Frankfurt am Main, Deutschland (Weltexpress) – Wenn die Krähen Appetit auf eine Maus haben und ein Turmfalke in der Nähe ist, besetzen sie rund um eine weitläufige Wiese die umliegenden Bäume und überlassen ihm einen Baum. Anschließend bedrängen und jagen sie ihn zum nächsten freien Baum, dann wiederum zum nächsten, und so geht das Spiel weiter, bis der Falke aufgrund seiner Herumfliegerei hungrig wird und nach Mäusen jagt. Hat er eine gefangen und will sie in Ruhe auf seinem Baum verspeisen, setzen sie sich unter ihn und fangen an, ihn wiederum zu bedrängen und über die Wiese zu jagen, bis sie das Glück haben, dass er die Maus fallen lässt. Dann streiten sie sich jedoch nicht um diese, sondern die Verspeisung erfolgt nach einer hierarchischen Rangfolge.
Nach den Rückschlüssen eines Vogelbeobachters im Frankfurter Niddapark macht der Turmfalke dieses Spiel jedoch freiwillig mit, er vermutet, um sich fit zu halten, denn er hält die Maus in beiden Fängen. Hält er sie nur in einem Fang, haben die Krähen einen Heidenrespekt vor den Krallen nur eines Fanges und lassen ihn in Ruhe.
Beim Joggen im Niddapark sah ich am Rande der großen Wiese nahe der Nidda einen älteren Herrn auf einer Bank mit einem Fernrohr sitzen. Ich hielt an und fragte ihn, wozu er dieses benutze. Daraufhin erzählte er mir enthusiastisch spannende Geschichten über seine Vogelbeobachtungen. Seit vielen Jahren sitzt er an dieser Wiese, schon zu einer Zeit, als sie noch keine offizielle Hundeweise war und sich noch viel mehr Mäuse dort befanden. Die Hunde buddeln oft nach Wühlmäusen und vertreiben sie dadurch. Vor allem beobachtet er neben Krähen und Elstern Raubvögel wie Turmfalken, Sperber, Mäusebussarde und Habichte. Für ihn sind die Vögel die reinsten Plaudertaschen. Ihre Kommunikation mit Gesten, Kopfhaltungen, Flügelschlägen, selten lauterem Gekrächze und Geschrei, denn dadurch würden sie ihren Standpunkt verraten, versucht er zu enträtseln.
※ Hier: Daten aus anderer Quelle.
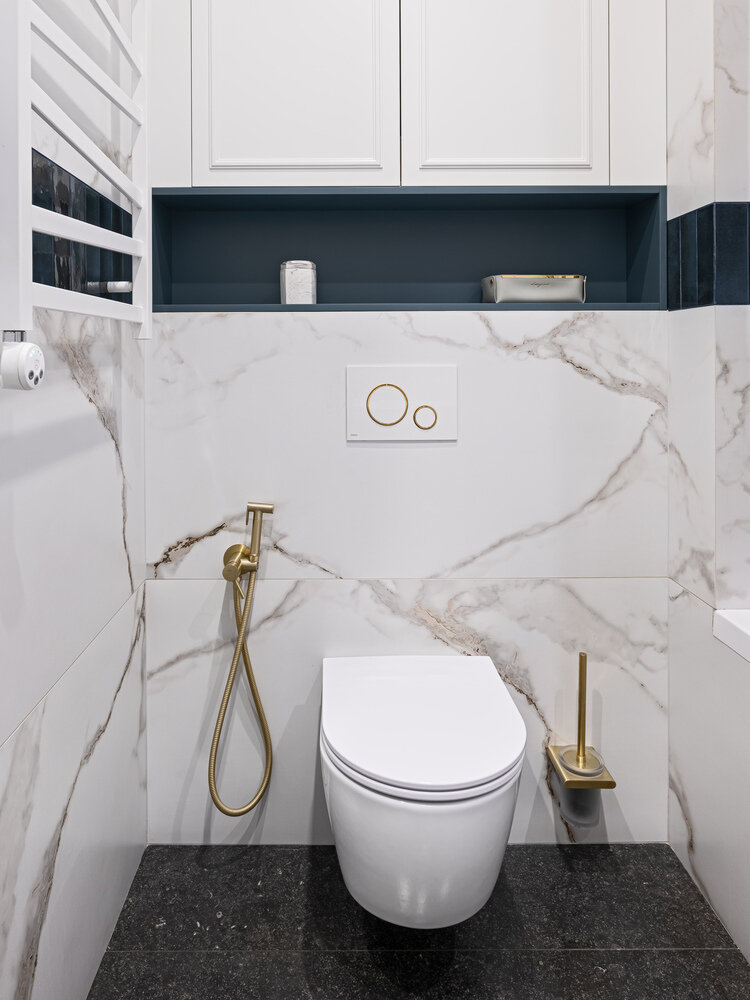 Фотография: Ванная в стиле Современный, Квартира, Проект дня, Москва, Кирпичный дом, 1 комната, 40-60 метров, Замоскворечье, минимализм с элементами современного дизайна, Евгения Заболоцкая – фото на INMYROOM Фотография: Ванная в стиле Современный, Квартира, Проект дня, Москва, Кирпичный дом, 1 комната, 40-60 метров, Замоскворечье, минимализм с элементами современного дизайна, Евгения Заболоцкая – фото на INMYROOM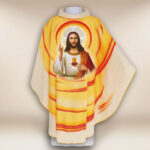 Casulla con la imagen del Corazón de Jesús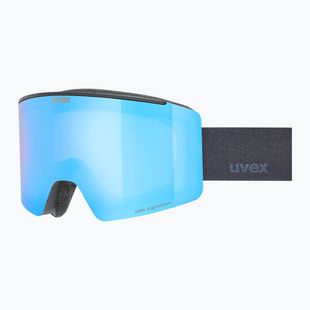Ochelari de schi UVEX Ignite FM S3 black matt/mirror blue
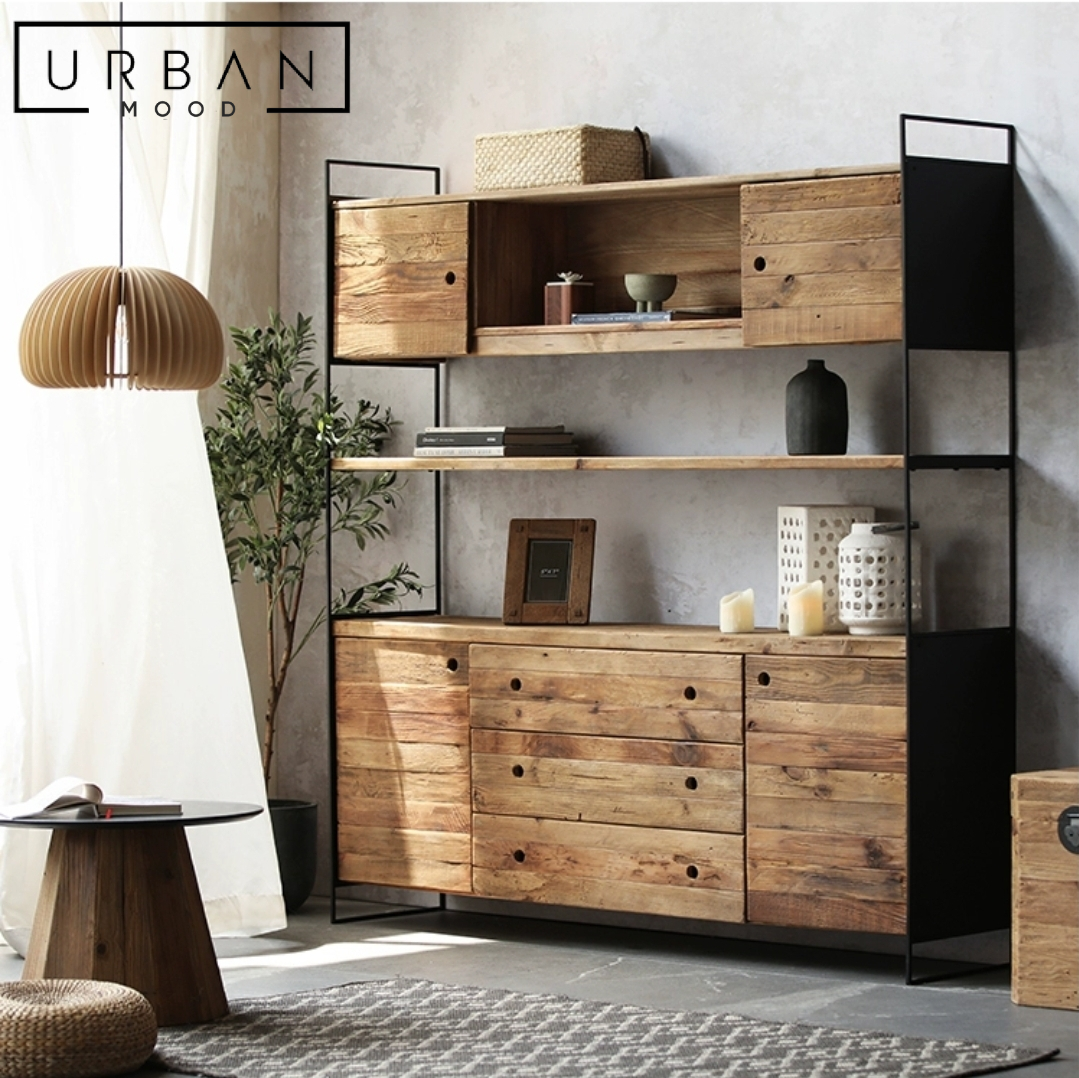 YARD Industrial Solid Wood Shelf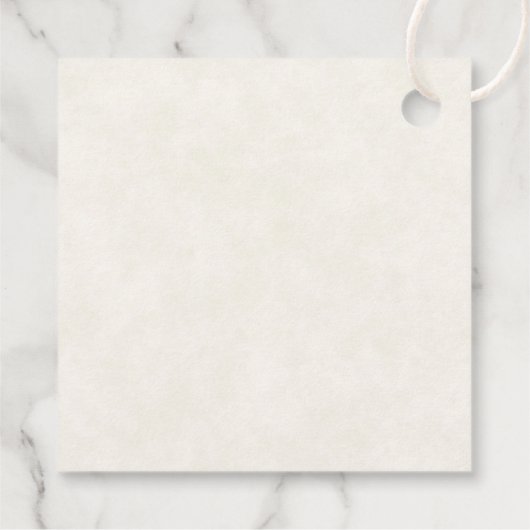 Leuke Teddy Bear Vrolijk Kerstfeest Bedankjes Labels (Achterkant)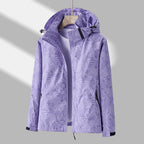 Women's Hooded Jacket Relaxed Shell Full-Zip With Pockets - Image 2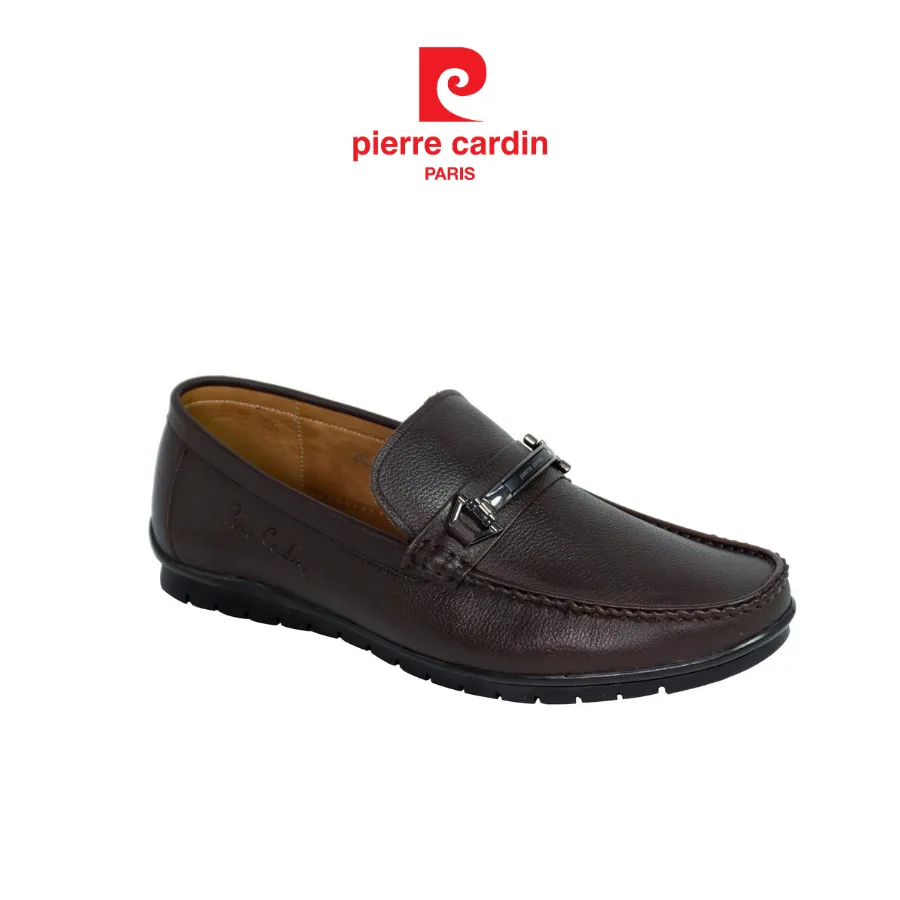 Ảnh Giày lười Pierre Cardin Pháp chất liệu da bò cao cấp, đế cao su chống trượt, thoáng mát mồ hôi - 785 chính hãng 4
Er zeigt mir drei Mäusebussarde, die miteinander kämpfen, um ihrer Rangordnung zu klären, hier und dort einen Turmfalken im typischen Rüttelflug, in der Nähe ist sogar dessen „ti,ti,ti“ zu hören, der von oben die Wiese beobachtet und plötzlich herunter schießt. Ein Falke soll im Sturzflug 280 km Geschwindigkeit erreichen, erklärt er mir, kein Wunder, dass er erfolgreicher in der Mäusejagd als Krähen ist. Aber wie diese ihn für ihre Zwecke einzusetzen verstehen, hat er wie oben beschrieben beobachtet. Begeistert erzählt er seine Beobachtungen im Frühjahr während des Balzfluges. Dann weist er auf junge Bussarde hin. Sie unterscheiden sich unter dem Bauch durch eine noch schwächere längsgestreifte Zeichnung von der ausgeprägteren Querstreifung der ausgewachsenen Vögel.
Im Niddapark sind auch viele Kaninchen. Eine Falke könne höchstens ein junges Kaninchen fangen und erlegen, ein Ausgewachsenes könnte ihn durch seinen Beinschlag so verletzen, dass ein Flügel bricht, während die Flügel eines Bussardes weit genug sind, um nicht verletzt zu werden.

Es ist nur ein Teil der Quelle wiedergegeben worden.